In web 2.0, we saw the rise of platforms like Facebook, Google, and Twitter. A platform is a third party that enable value transfer between two parties (buyers and sellers). An example would be an ecommerce website that has a presence on these social media platforms, and by being on a popular platform, they can better attract new customers. The incentive for the platform is the opportunity for advertisement and data mining.
In this model, the platform extracts value and uses it to pay developers to improve the platform. Shareholders receive the net profit. This creates a positive reinforcement cycle of creating and monetizing value, and works well within the scope of a traditional, hierarchical corporation.

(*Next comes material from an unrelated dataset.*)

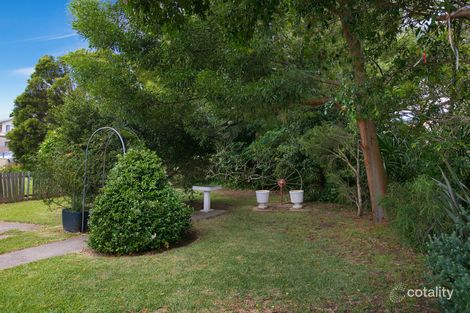 Property photo of 19 Raymond Road Thirroul NSW 2515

With web 3.0, the PSF business model leverages decentralized platforms. Like the web 2.0 model, there is a platform to connect two parties. Unlike web 2.0, there is little opportunity for advertising or data mining. Instead the end user chooses from a range of nearly-identical, decentralized ‘micro-platform’ options to find the economic partner they are trying to connect with.
The ‘micro-platforms’ are referred to as Mirrors, since they reflect the same data and operate in a combination of competition and cooperation (‘coopetition’). They cooperate in order to share data and so are largely interchangeable with one another from the end-user viewpoint. However, they compete with one another to be more attractive for the end-user (buyers or sellers) to use.

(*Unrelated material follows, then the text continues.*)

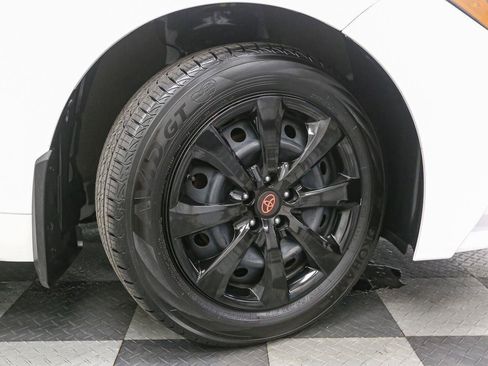 Certified 2026 Toyota Corolla LE AWD/4WD image 15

In this model, the operation of the platform by Mirrors is a separate economic activity from the activity of Devleopers who create the core software making up the platform. This is where tokens and non-custodial financial services (NCFS) become important.
An example would be a platform that creates a curated list of Tor websites. A Buyer of some economic service would go to a Mirror to find a Seller. The Mirrors share data, but may display them differently. They compete to make a better UI for the Buyer. They also compete to promote Sellers, a privilege that Sellers pay for.
Because the ‘coopetition’ between Mirrors is a full time job, they don’t want to take on the additional task of developing the core software. Therefore, each economic transaction handled by the Mirror software sends a small amount of cryptocurrency to the software development organization, to incentive them. This is possible because they wrote the software, and so the software by-default sends them a portion of each transaction.
This separates concerns and leads to great efficiency. Mirrors can focus on running the platform: connecting Buyers and Sellers, and competing with other Mirrors. The Developers can focus on what they do best, and be compensated for it. Each of the four parties are better off.
This separation of concerns is important for economic incentive, but it is also important for survival of each party. Mirrors have the option of running as a Tor hidden service, or openly on the web. By making it easy to create and operate a Mirror, it distributes the legal risk associated with operating any one Mirror. A Mirror can be created much faster than they can be taken down. This is important, since they are at the heart of the economic activity.
This model can be expanded to a range of ecommerce applications. A few examples are email, search engines or curated lists, website hosting, file sharing, VPNs, and VPSs. This model ensures each economic actor can achieve their goal while minimizing the legal risk to each. Here are a few projects the PSF intends to pursue.
The above economic model ties into the token liquidity app and the use of NCFSs by burning tokens. A tiny portion of each transaction is sent to the token liquidity app with instructions to burn the tokens instead of the default behavior, which is to exchange BCH for tokens.
By taking tokens out of circulation, it causes the price for tokens to rise. This effectively passes value backwards in the supply chain. Developers who have already been compensated in tokens, who have been holding them and waiting for the price to increase, can cash out into BCH and then into their local fiat.